--- PROVIDED MATERIAL ---
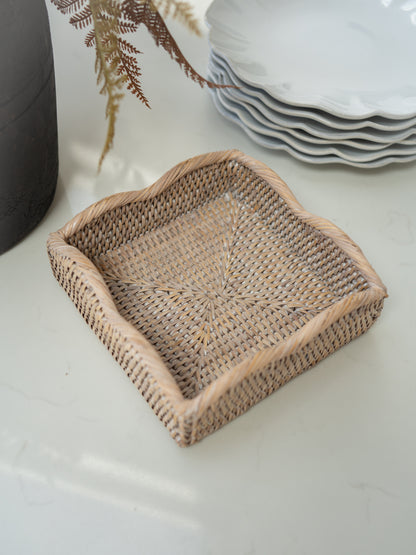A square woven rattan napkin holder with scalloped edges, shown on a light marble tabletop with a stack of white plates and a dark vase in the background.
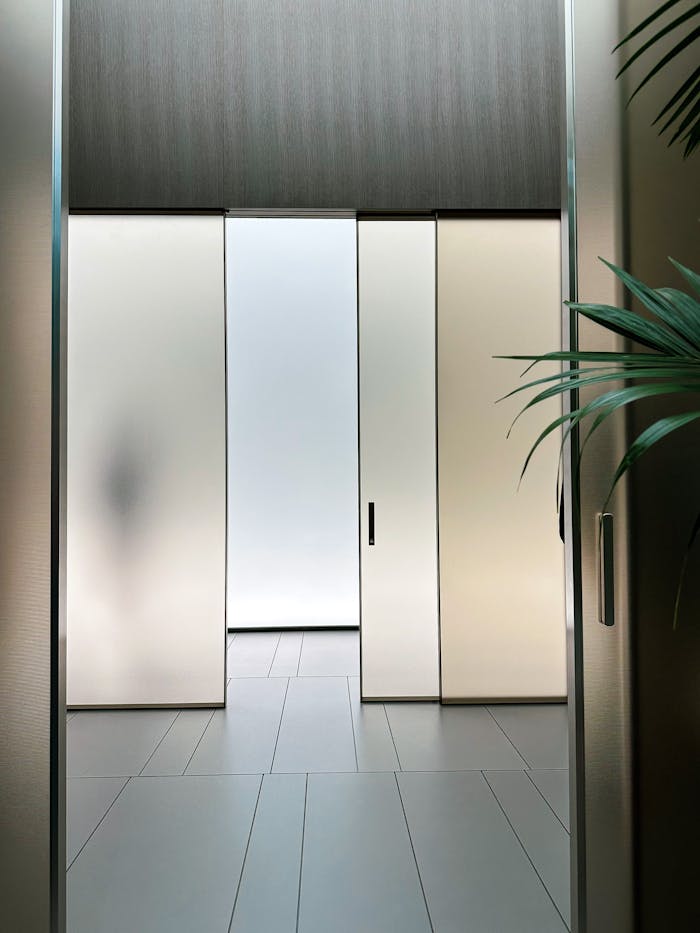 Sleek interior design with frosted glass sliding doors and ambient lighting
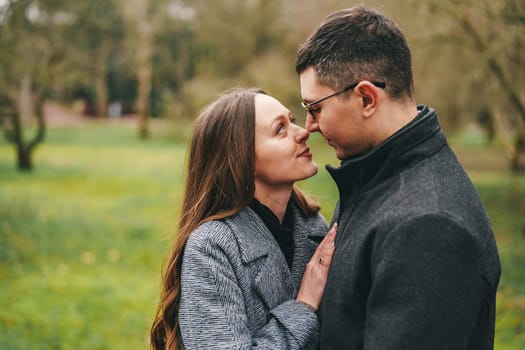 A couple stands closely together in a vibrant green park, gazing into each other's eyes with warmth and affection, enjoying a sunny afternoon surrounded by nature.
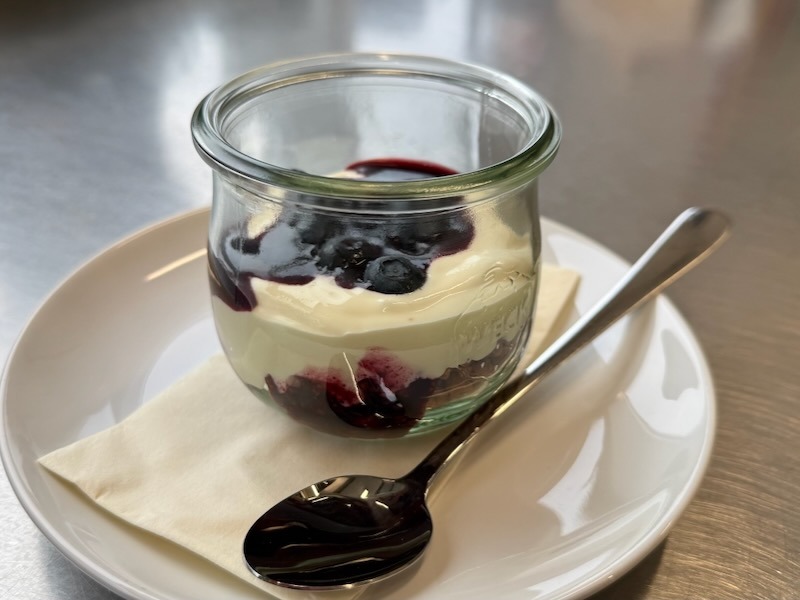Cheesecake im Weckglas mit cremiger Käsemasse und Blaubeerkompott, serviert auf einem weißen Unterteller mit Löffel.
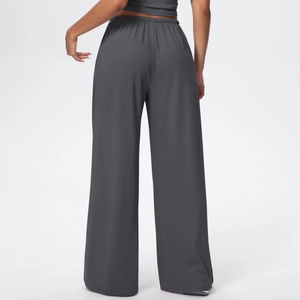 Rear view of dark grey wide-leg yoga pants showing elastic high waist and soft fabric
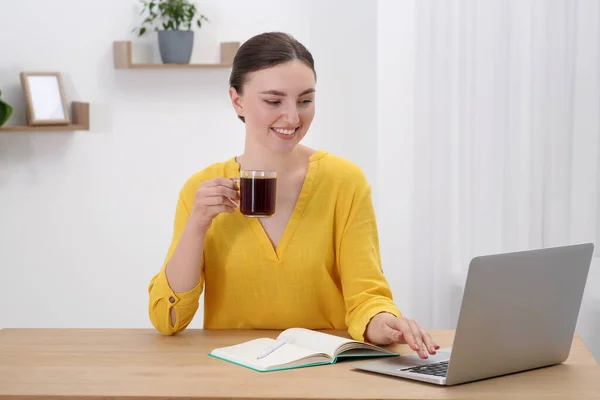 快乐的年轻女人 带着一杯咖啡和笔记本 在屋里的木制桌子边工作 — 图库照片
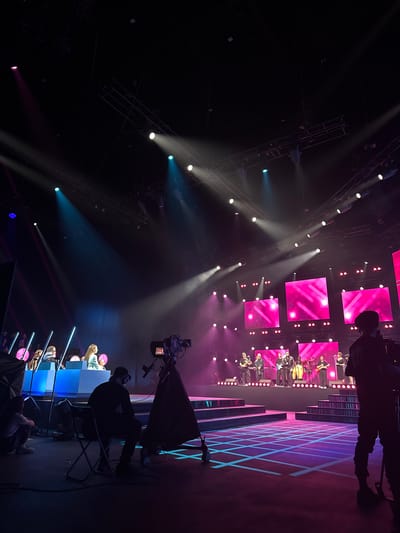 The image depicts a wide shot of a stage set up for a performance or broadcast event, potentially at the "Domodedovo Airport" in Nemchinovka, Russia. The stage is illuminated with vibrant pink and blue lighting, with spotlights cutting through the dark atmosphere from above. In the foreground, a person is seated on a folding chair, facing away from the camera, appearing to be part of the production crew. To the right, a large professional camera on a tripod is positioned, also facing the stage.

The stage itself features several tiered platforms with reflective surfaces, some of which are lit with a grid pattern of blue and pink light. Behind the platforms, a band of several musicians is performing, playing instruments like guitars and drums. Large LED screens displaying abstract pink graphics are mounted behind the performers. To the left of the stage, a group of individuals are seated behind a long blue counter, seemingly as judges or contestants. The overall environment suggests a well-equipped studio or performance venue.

==

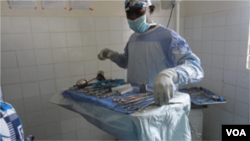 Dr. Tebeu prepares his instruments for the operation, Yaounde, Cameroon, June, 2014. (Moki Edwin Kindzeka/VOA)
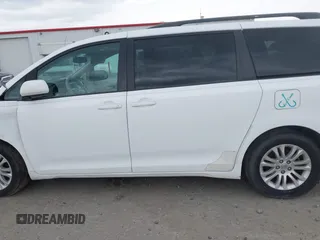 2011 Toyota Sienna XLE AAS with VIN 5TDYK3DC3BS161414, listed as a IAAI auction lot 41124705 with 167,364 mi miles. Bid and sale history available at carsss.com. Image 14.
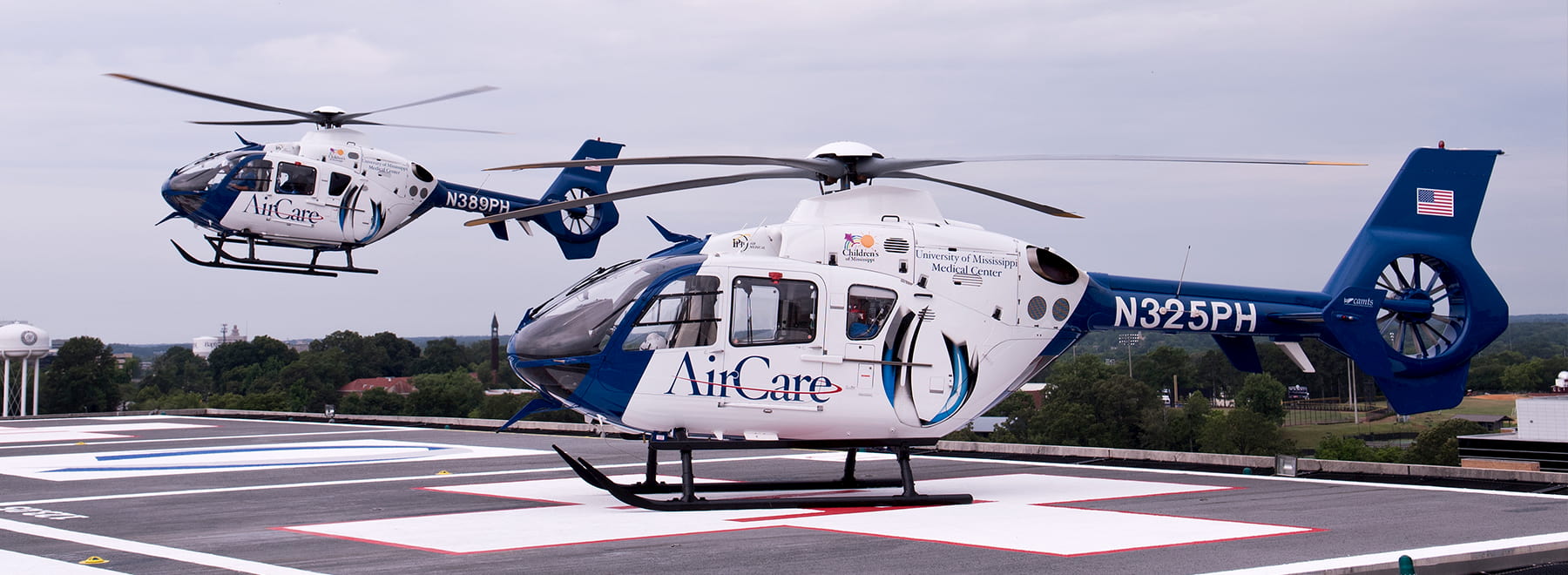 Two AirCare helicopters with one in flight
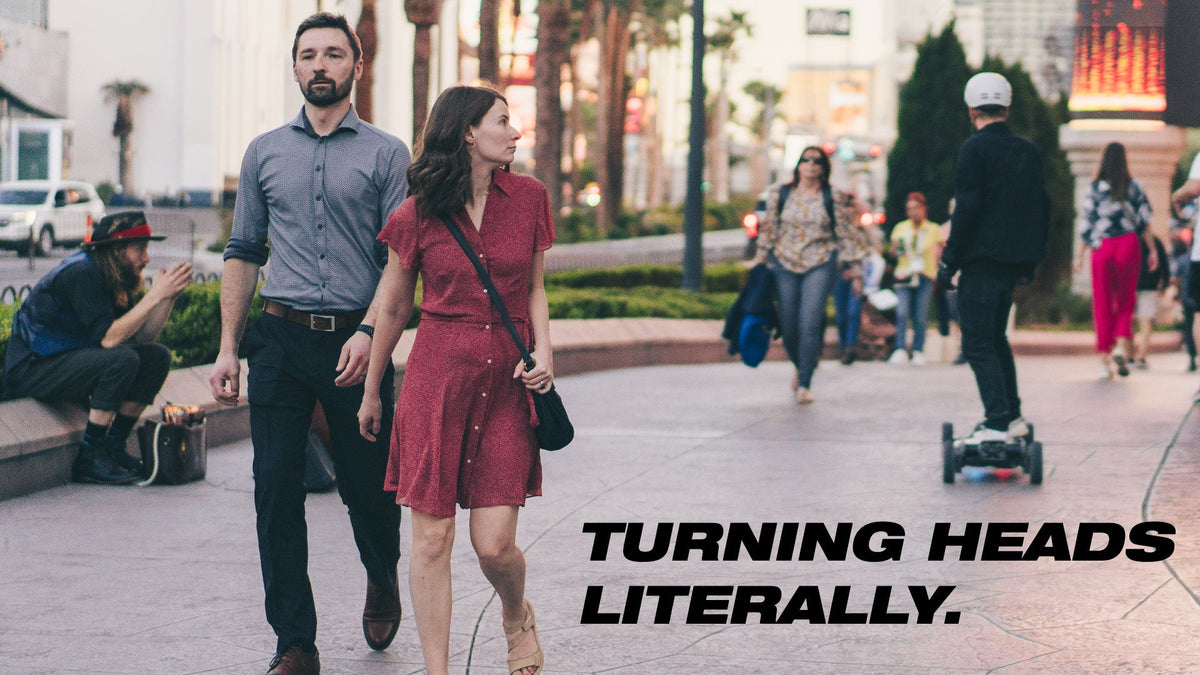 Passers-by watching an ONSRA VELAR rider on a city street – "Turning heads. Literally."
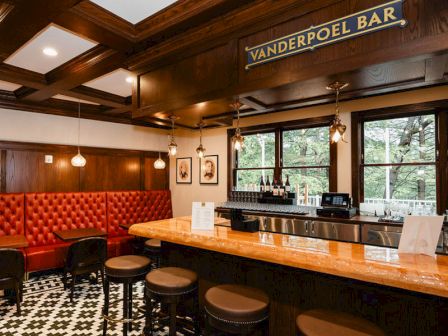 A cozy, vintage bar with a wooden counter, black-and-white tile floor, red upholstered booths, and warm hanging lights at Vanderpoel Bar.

* * *

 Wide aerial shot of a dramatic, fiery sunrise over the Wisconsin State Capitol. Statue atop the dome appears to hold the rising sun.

--- WHAT NEEDS TO BE DONE ---
Reproduce the data above exactly, but only the lines from the one showing "Passers-by watching an" through the one showing "A cozy, vintage", with both ends kept and the pictures left out.

--- SOLUTION TO THIS PROBLEM ---
 Passers-by watching an ONSRA VELAR rider on a city street – "Turning heads. Literally."
 A cozy, vintage bar with a wooden counter, black-and-white tile floor, red upholstered booths, and warm hanging lights at Vanderpoel Bar.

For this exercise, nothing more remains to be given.